> ACTIVITY:
Using only the entries below, copy exactly the lines that begin at the one with "Απαγορευμένοι άνθρωποι Μωσαϊκό" and end at the one with "Sleek Acrylic Led", both included. Drop the pictures.

GIVEN RECORDS: Begin

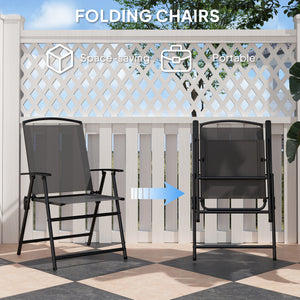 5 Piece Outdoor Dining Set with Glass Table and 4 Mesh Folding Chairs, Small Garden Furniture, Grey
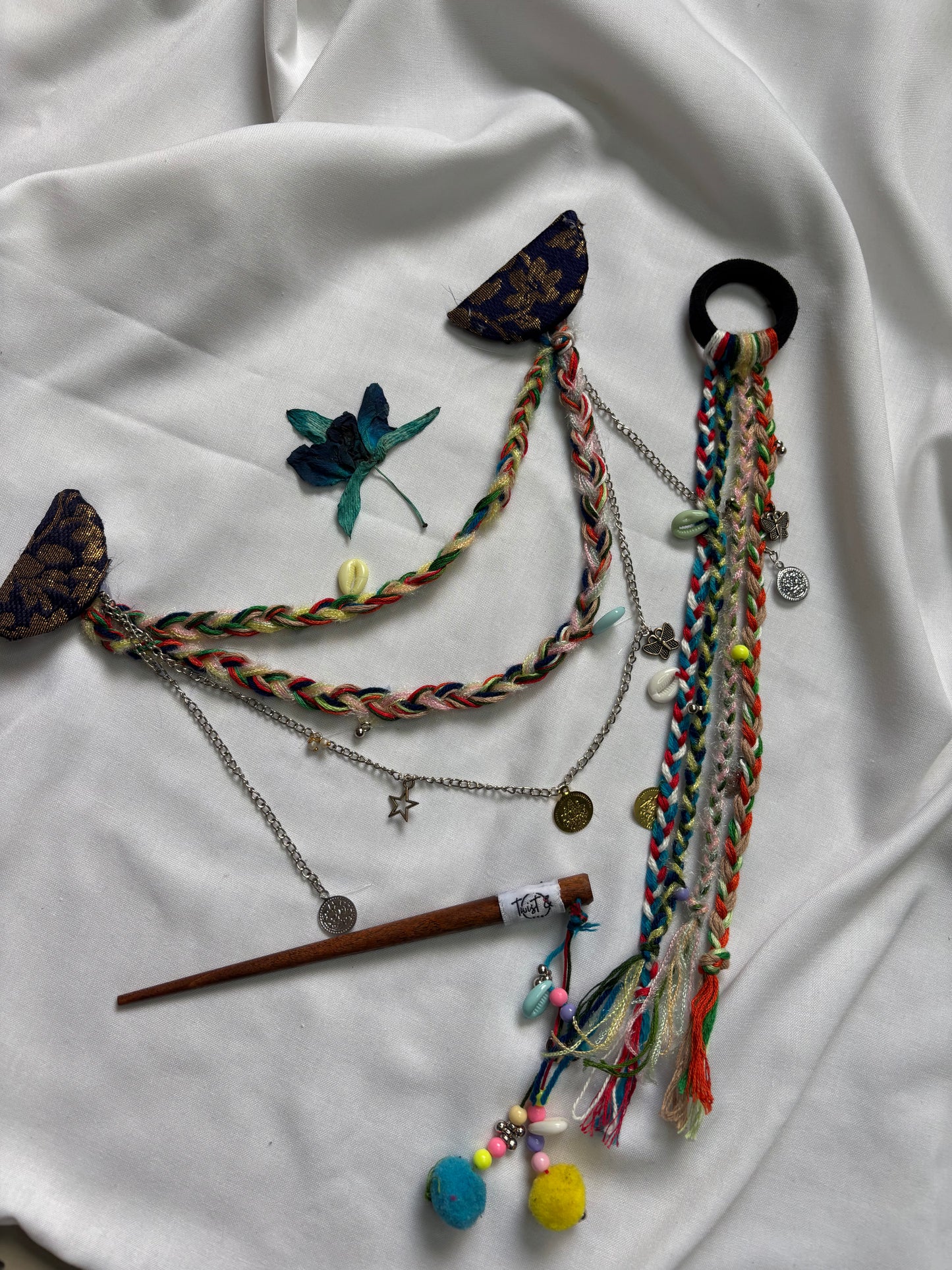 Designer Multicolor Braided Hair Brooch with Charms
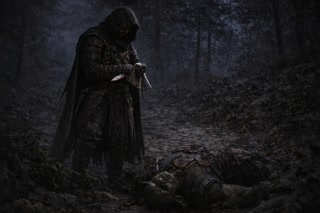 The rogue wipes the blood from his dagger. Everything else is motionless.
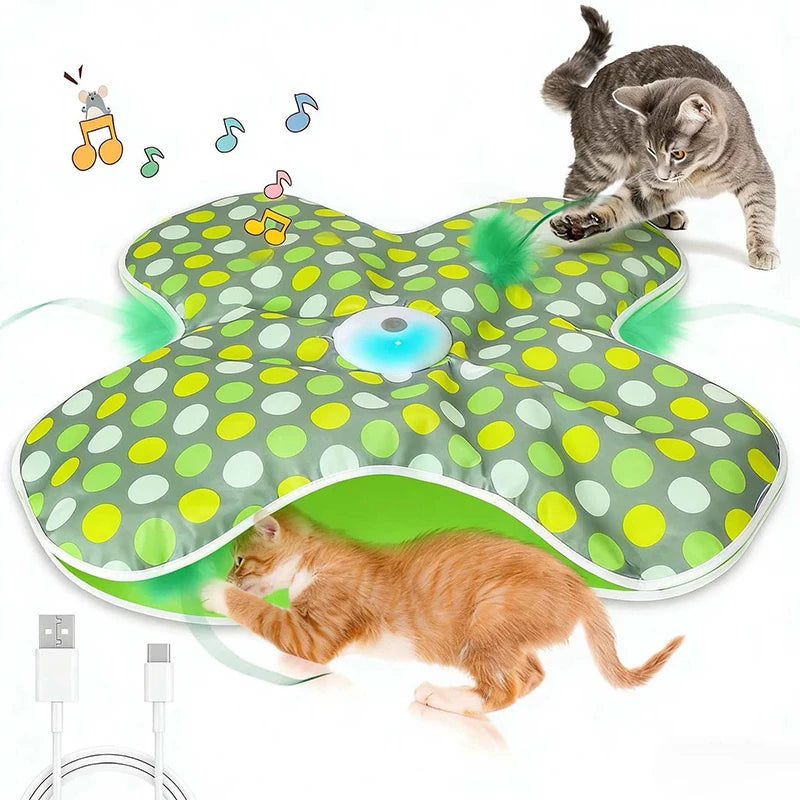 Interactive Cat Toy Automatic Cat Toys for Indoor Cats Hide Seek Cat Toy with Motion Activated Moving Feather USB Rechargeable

GIVEN RECORDS: End
GIVEN RECORDS: Begin

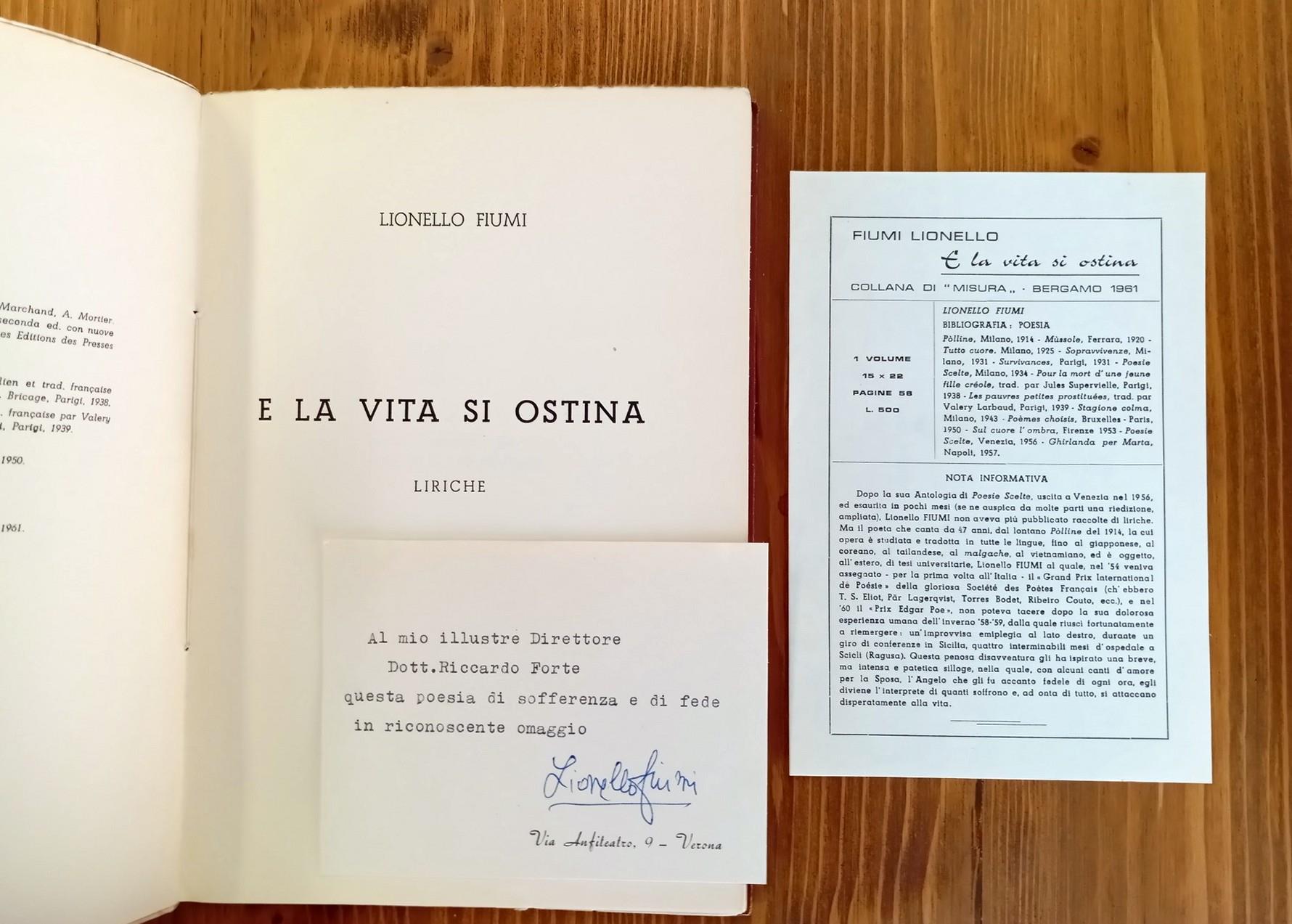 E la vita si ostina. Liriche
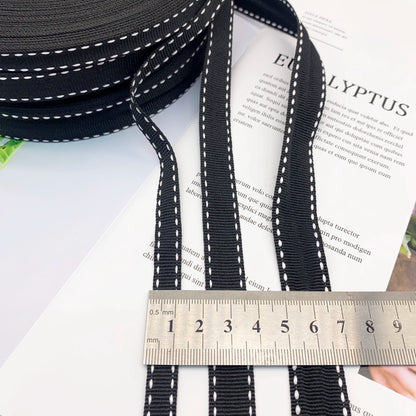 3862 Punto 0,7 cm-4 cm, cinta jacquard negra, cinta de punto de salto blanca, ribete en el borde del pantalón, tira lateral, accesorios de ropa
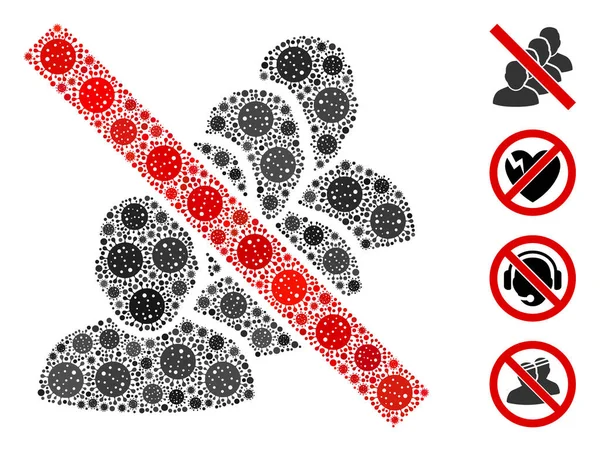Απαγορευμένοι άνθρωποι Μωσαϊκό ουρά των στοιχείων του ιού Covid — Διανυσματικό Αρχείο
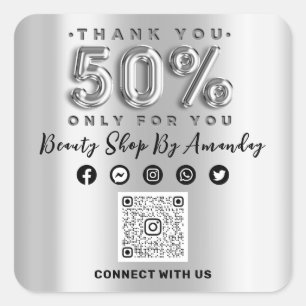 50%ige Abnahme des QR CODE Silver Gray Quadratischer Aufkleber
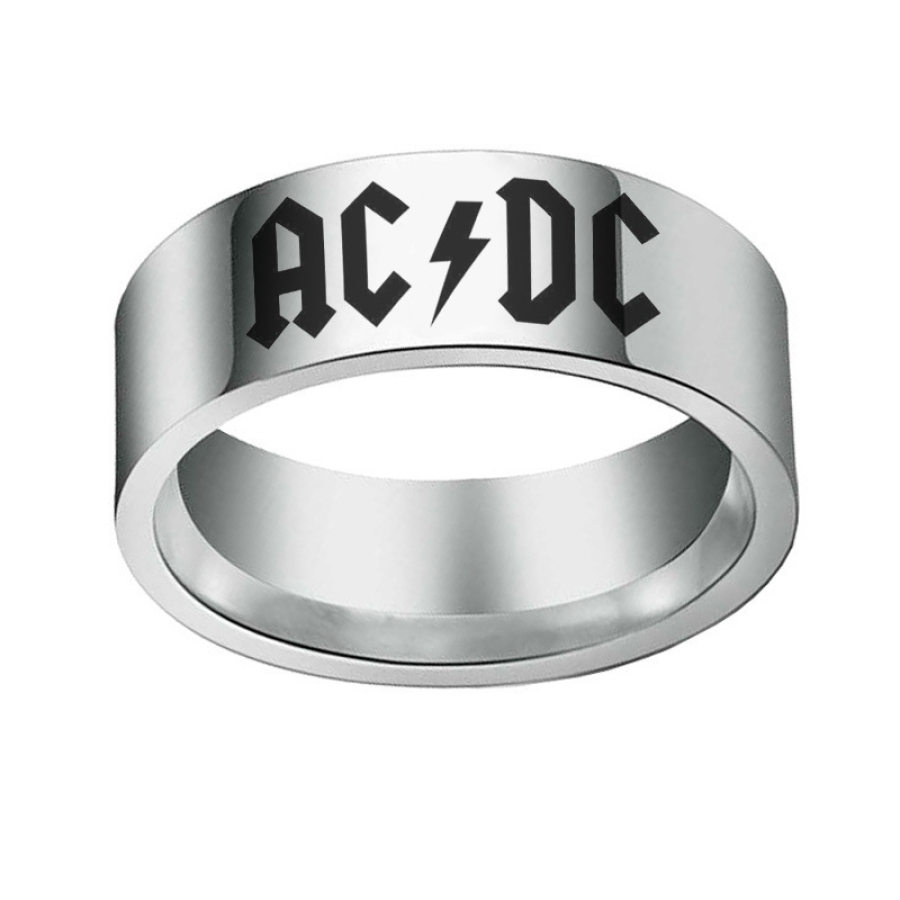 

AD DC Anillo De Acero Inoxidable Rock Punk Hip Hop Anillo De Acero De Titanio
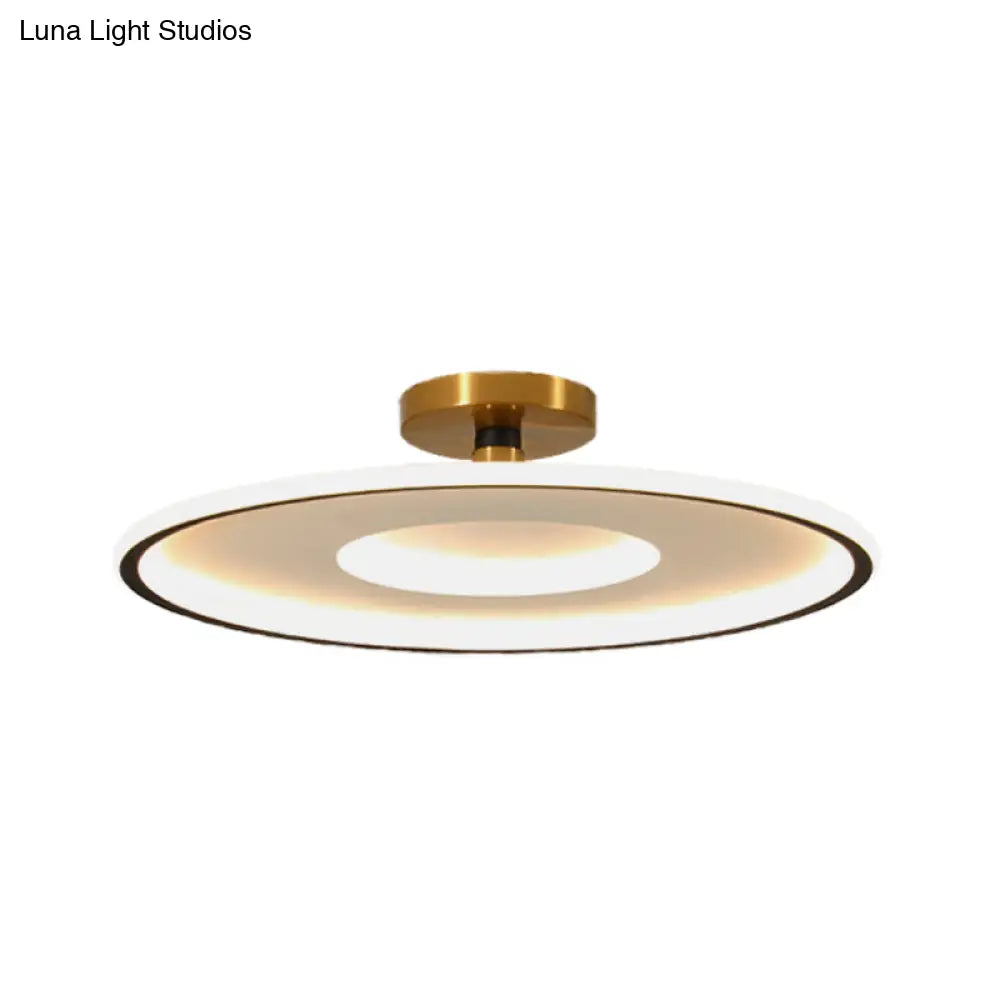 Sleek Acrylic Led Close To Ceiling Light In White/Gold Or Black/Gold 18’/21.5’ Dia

GIVEN RECORDS: End

> EXERCISE RESULT:
Απαγορευμένοι άνθρωποι Μωσαϊκό ουρά των στοιχείων του ιού Covid — Διανυσματικό Αρχείο
 50%ige Abnahme des QR CODE Silver Gray Quadratischer Aufkleber

AD DC Anillo De Acero Inoxidable Rock Punk Hip Hop Anillo De Acero De Titanio
 Sleek Acrylic Led Close To Ceiling Light In White/Gold Or Black/Gold 18’/21.5’ Dia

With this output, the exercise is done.